— WORK TO BE COMPLETED —
Copy all the lines of the data that include the word "chart".
***** RECORDS SHOWN *****
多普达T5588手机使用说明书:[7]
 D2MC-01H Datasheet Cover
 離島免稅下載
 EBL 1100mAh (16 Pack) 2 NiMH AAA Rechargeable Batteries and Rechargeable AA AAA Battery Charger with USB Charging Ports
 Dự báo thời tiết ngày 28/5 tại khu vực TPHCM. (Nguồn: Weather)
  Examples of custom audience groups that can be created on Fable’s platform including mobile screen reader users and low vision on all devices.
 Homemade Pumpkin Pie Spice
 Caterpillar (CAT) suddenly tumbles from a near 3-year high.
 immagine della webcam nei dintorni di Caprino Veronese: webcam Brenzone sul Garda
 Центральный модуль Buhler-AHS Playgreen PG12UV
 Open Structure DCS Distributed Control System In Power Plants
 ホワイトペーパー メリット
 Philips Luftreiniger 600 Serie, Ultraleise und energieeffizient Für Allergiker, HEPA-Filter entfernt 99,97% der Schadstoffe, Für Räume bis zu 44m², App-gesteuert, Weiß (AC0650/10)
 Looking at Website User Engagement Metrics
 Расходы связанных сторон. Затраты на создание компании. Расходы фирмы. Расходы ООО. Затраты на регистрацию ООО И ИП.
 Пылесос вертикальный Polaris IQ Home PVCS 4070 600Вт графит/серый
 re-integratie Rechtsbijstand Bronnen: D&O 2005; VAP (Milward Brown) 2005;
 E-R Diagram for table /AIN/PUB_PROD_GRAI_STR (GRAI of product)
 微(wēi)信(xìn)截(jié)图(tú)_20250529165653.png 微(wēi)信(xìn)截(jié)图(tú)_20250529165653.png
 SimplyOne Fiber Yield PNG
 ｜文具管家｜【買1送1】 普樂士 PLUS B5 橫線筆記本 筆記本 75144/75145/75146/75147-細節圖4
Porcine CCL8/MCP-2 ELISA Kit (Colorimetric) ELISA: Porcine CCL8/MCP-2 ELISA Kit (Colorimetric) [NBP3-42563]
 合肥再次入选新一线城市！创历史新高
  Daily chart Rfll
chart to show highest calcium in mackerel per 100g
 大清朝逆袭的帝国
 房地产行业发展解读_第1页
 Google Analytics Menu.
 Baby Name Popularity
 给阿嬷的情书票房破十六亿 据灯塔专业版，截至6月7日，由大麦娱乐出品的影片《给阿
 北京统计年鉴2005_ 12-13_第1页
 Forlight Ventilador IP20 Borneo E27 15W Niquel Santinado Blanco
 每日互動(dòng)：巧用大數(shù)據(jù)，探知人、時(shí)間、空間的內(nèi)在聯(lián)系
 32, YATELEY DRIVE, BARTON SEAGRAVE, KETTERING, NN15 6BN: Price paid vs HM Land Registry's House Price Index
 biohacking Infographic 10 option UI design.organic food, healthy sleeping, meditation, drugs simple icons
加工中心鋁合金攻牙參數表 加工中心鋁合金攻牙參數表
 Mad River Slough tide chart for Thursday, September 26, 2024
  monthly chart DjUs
*****
— OUTPUT FOR THIS TASK —
  Daily chart Rfll
chart to show highest calcium in mackerel per 100g
 Mad River Slough tide chart for Thursday, September 26, 2024
  monthly chart DjUs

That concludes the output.